# Anyone Else Back To Riding Their MTB More Frequently



## fos'l (May 27, 2009)

Lately seem to be riding my MTB more. I get at least as good workout, just don't travel as far. e-MTB is a nice diversion, and I'll ride mine when that's what my pals are on, but I'd rather haul around a 22 pound bike than a 50 pound behemoth. Anyone else have a similar experience?


----------



## drboudreaux (Nov 1, 2004)

Real mountain biking is a better workout than riding around on a glorified electric moped? Shocker! Who knew?

Sent from my SM-G920V using Tapatalk


----------



## KiwiPhil (Jun 2, 2008)

Looks like it took all of 8minutes for a troll to appear fos'l. 
But... not for me yet! I can see me getting my Giant Reign out more once I get some more stability back in my decrepit knee, and when my fitness gets better. I hope in a few months time when summer arrives down here that the reign will make more appearances. However, my 17yr old son has had his eyes on it as well.
However, I have been playing in the local streets with my younger son, on the Levo with it turned off...that's a good workout lol


----------



## fos'l (May 27, 2009)

KP, always fun to try and predict how long before an inane reply appears.


----------



## drboudreaux (Nov 1, 2004)

Fortunately, the truth can come forth relatively quickly.

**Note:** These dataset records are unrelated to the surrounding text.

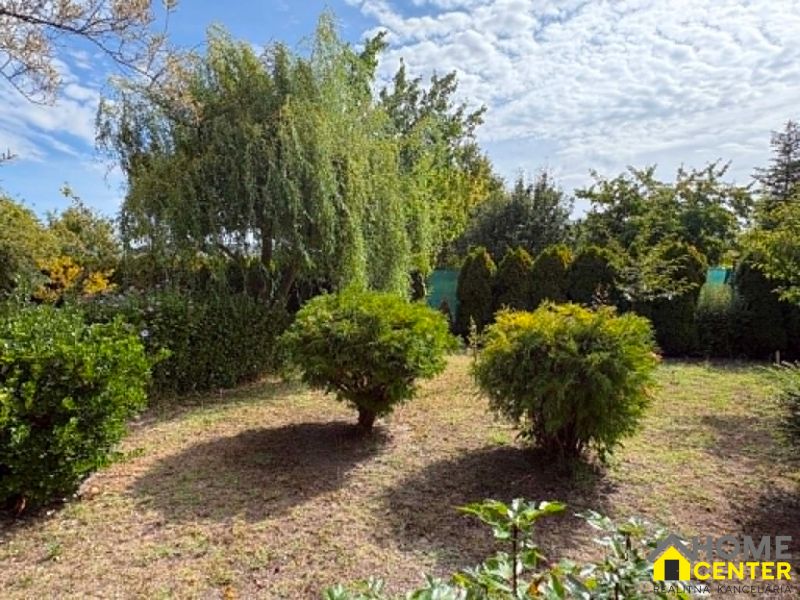 Gardens in Komárno with rich green vegetation, including trees and shrubs.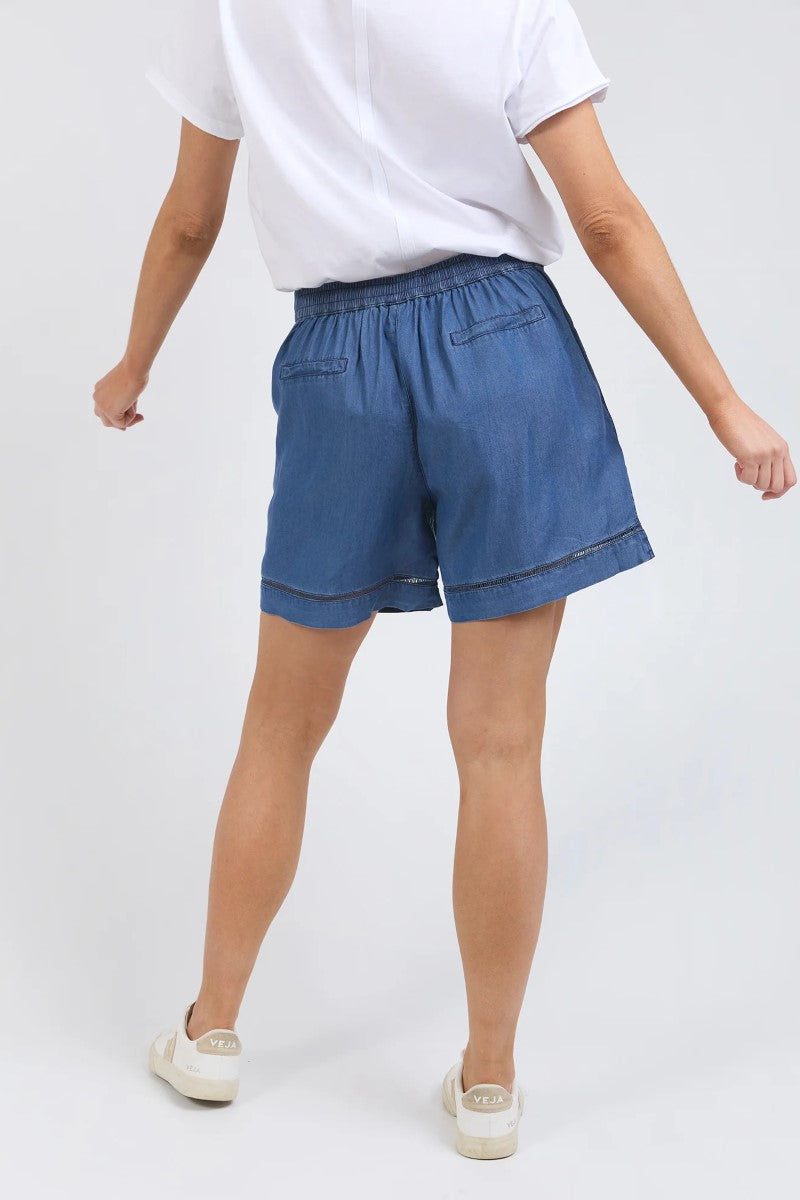 Elm Astrid Chambray Short | Dark Blue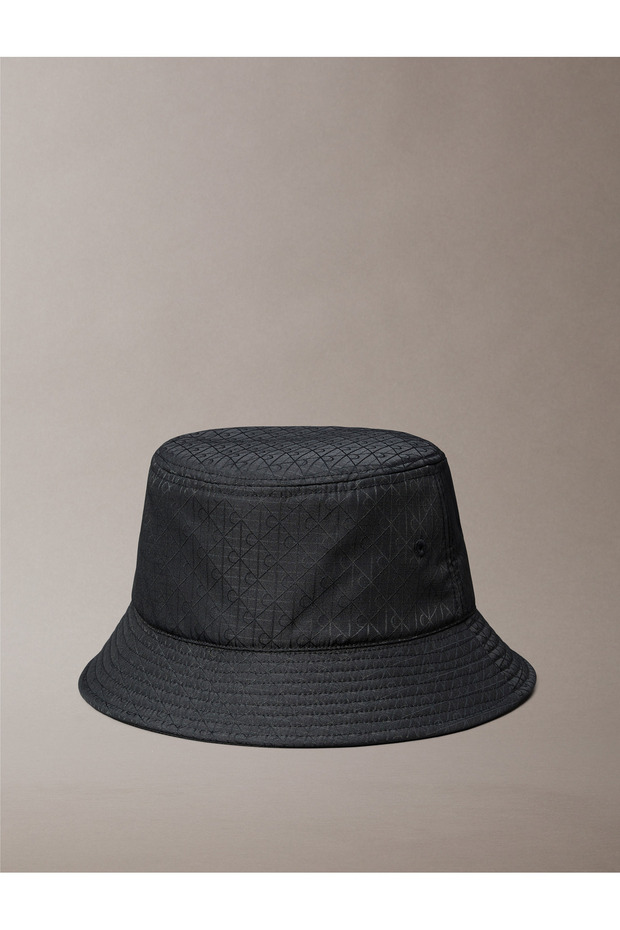 Men Black Ripstop Emblem Logo Bucket Hat - 2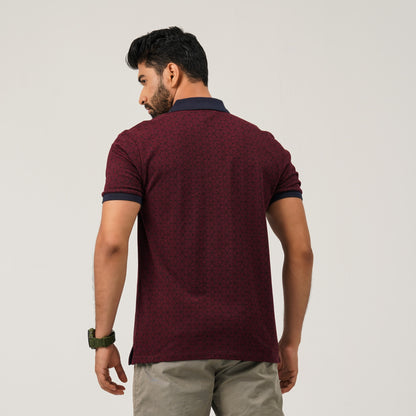 Men Maroon Cotton Polo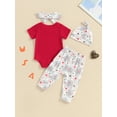 thumbnail image 5 of Suealasg Baby Boys Girls Americana Clothes Short Sleeve Letter Print Romper +Fireworks Print Pants+Headband +Hat Infant 4th of July Outfits Newborn Independence Day Clothing, 5 of 8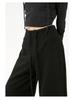 Women's Off-White Fleece-Lined Wide-Leg Pants, Autumn/Winter, Relaxed Fit, Casual, Good Drape, Straight Leg, Glutinous Rice Air Pants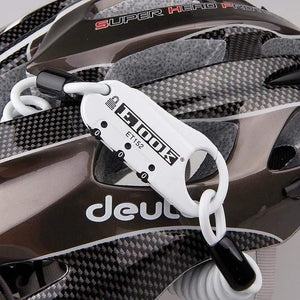 Planet Gates ET 152 White Mini Bicycle Lock 3 Digital Password Lock Bike Helmet Code Combination Road Bike Anti-theft Cable Portable Cycling Lock
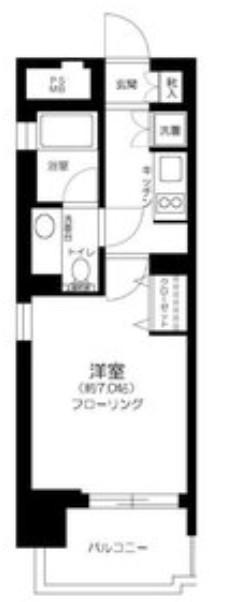 N アクロス目黒(1K/7階)の間取り写真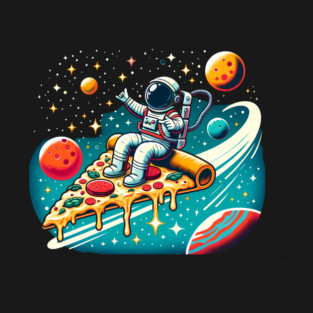 Funny Pizza Lover, Astronaut Surfing in Space T-Shirt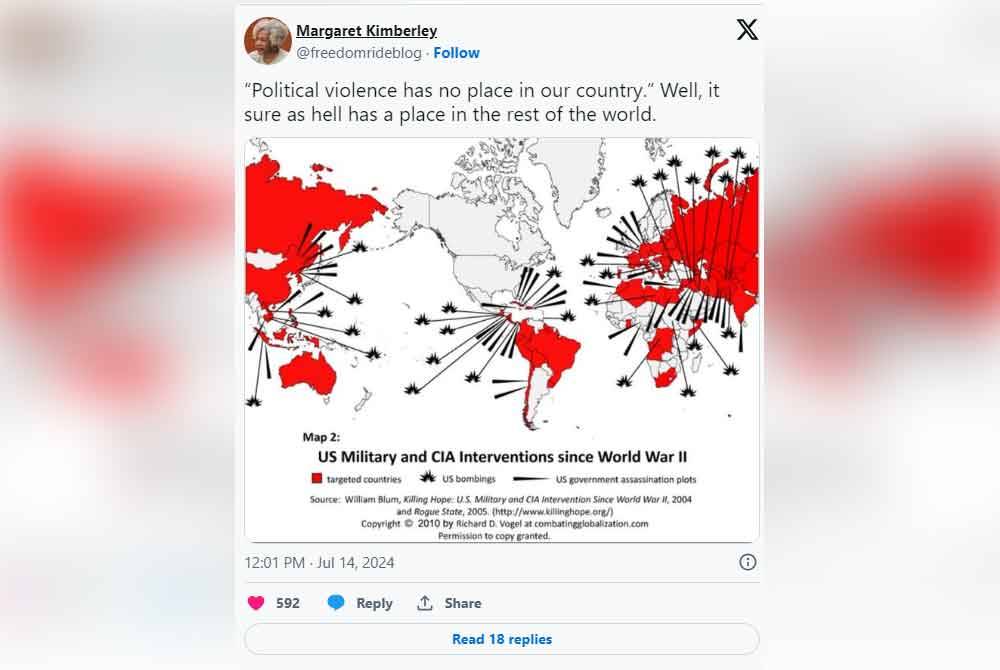 Catatan salah seorang pengguna media sosial yang menunjukkan peta memaparkan campur tangan tentera AS dan CIA sejak Perang Dunia Kedua.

Sent from my SM-G920V using Tapatalk


----------



## AGarcia (Feb 20, 2012)

I bought my wife an e-mtb last year. She's 5'8" and 5'10", so her medium sized bike is within my range. I've ridden it myself about a dozen times. It's great for riding with other e-mtb riders. It's also great if my buddies decide to do a marathon fire road climb that I would otherwise have not interest in doing. But I mostly ride my own bikes. I generally don't mind the climbs (I climb slowly) and I thankfully have no health issues that require I ride an e-bike.

In sum, it's not a game changer for me, but I can see how it is for others. For my wife it certainly is, as she wouldn't be on dirt but for the e-bike.


----------



## LTZ470 (May 5, 2013)

AGarcia said:


> I bought my wife an e-mtb last year. She's 5'8" and 5'10", so her medium sized bike is within my range. I've ridden it myself about a dozen times. It's great for riding with other e-mtb riders. It's also great if my buddies decide to do a marathon fire road climb that I would otherwise have not interest in doing. But I mostly ride my own bikes. I generally don't mind the climbs (I climb slowly) and I thankfully have no health issues that require I ride an e-bike.
> 
> In sum, it's not a game changer for me, but I can see how it is for others. For my wife it certainly is, as she wouldn't be on dirt but for the e-bike.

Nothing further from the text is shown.